My iPhone isn’t large enough to hold any of my music library. My iPod is small, ancient, and doesn’t hold a charge. It does the job for my daily commute on the train, but it’s not ideal. Mostly I use Google Play Music, to listen to my library when I’m not at home, but I need an internet connection (or a subscription) to do that. And again, a fragmented library means that I can’t access songs exclusively in Spotify or SoundCloud on the go, or at home without having multiple programs and websites open.

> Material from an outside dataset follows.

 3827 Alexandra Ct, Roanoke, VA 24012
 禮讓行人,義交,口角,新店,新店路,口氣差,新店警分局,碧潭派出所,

Though so much of the web revolves around sharing now, it’s still a challenge to share music with others. Mixtapes and mix CDs are a thing of the past, and sending songs back and forth on Spotify is the closest you usually get to sharing your music taste with others. Although any kind of music-sharing infrastructure is immature and soon-to-be tangled in future RIAA lawsuits, that likely isn’t the only reason that music sharing has declined for me. The time I devote to listening to new music has shrunk. Probably in line with the difficulty of tracking it down myself, but also as I’ve gotten busier. Attention spans have shrunk, and music is constructed to take advantage of that. The Swedish takeover of pop songwriting means that:

The producers compose the chord progressions, program the beats, and arrange the “synths,” or computer-made instrumental sounds; the top-liners come up with primary melodies, lyrics, and the all-important hooks, the ear-friendly musical phrases that lock you into the song. “It’s not enough to have one hook anymore,” Jay Brown, the president of Roc Nation, and Dean’s manager, told me recently. “You’ve got to have a hook in the intro, a hook in the pre-chorus, a hook in the chorus, and a hook in the bridge.” The reason, he explained, is that “people on average give a song seven seconds on the radio before they change the channel, and you got to hook them.”

The music listening experience is designed for us by a bunch of Swedes, writing songs and producing countless hits (Max Martin and his ilk), developing a streaming app that has taken the industry by storm (Spotify) and a website that filled the gap left behind by mp3 blogs (SoundCloud). While I don’t have a solution for the fragmentation of my music library that I’m grappling with, maybe someone in Sweden will.